Matthew wrote, “Jesus at once stretched out his hand and caught him."
(14:31)
That
is Jesus, the friend of doubters. Perhaps that is why he honored Rene Descartes
and put his name in all books of geometry and engineering. By the way this Rene
Descartes produced a very different proof for the existence of God, a proof
which was not based on what we see around us, but on what we think inside of
us.
Do
we doubt our ability to do something for the Lord? The Lord does not doubt in
our ability. In the first place he was the one who created that ability in us.

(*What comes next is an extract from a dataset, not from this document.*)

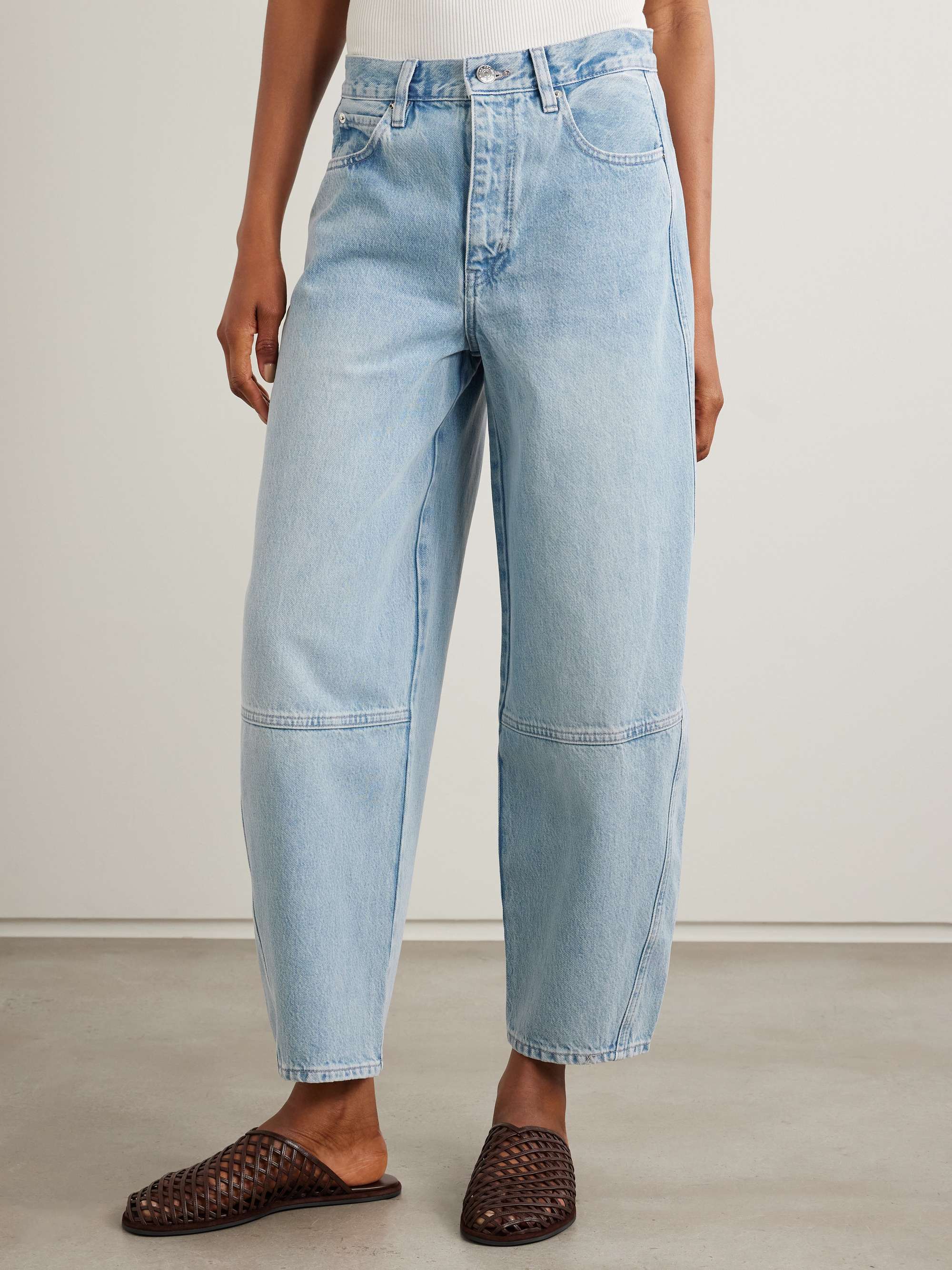 The Twisted paneled high-rise straight-leg jeans view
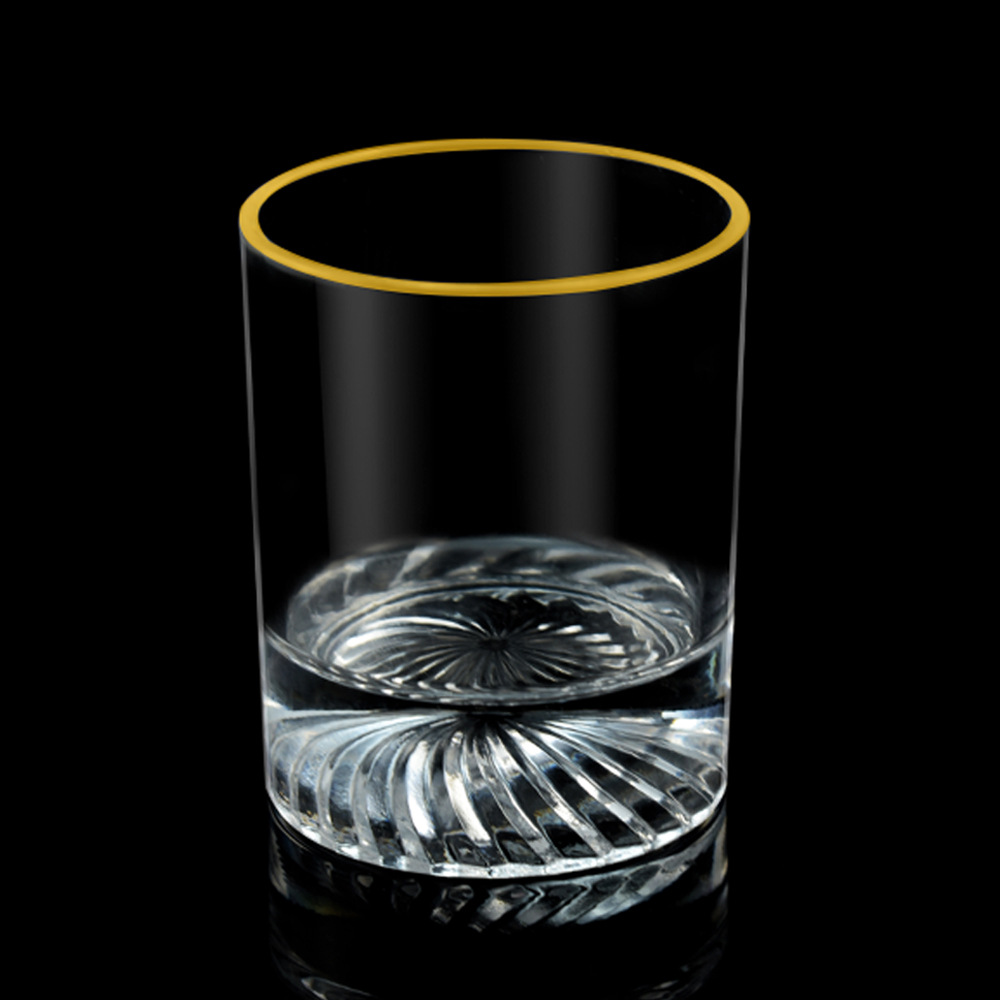 新款螺纹底圆柱形威士忌酒杯 现代艺术轻奢酒杯套装 家用酒杯套装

He knows that we can do what he tells us to do.
Jesus
has ascended to heaven. But he has not left us helpless. He has left us with
this comforting thought that he believes in us, even if we do not believe in
ourselves.
In
the first reading he tells us that he will empower us to use whatever ability
he has given us to do his work, "you will receive power when the Holy
Spirit comes upon you, and you will be my witnesses in Jerusalem, throughout
Judea and Samaria, and to the ends of the earth."
In
the second reading Paul tells us through his letter to the Ephesians, that we
inherit God's riches of glory, the surpassing greatness of his power, filling
us in every way so that we can do what Jesus wants us to do.
Let
us pray to Jesus, the friend of doubters. We bow our heads.
Jesus,
you are the friend of doubters. You do not punish them. Instead you rescue them
from their doubts. We are the doubters. We doubt we can do the work you tell us
to do because it is too great for us, making all the nations your disciples, making
them learn of you always, putting all of them into the life and power of the
Blessed Trinity. But you do not doubt our ability because you empower us with
your Spirit. Help our unbelief. Help our doubting minds and hearts. Amen.
- - - - - - - - - -
Note for the readers:
The Mass readings are from the New American Bible Revised Edition
(NABRE). This is where our Lectionary gets the readings.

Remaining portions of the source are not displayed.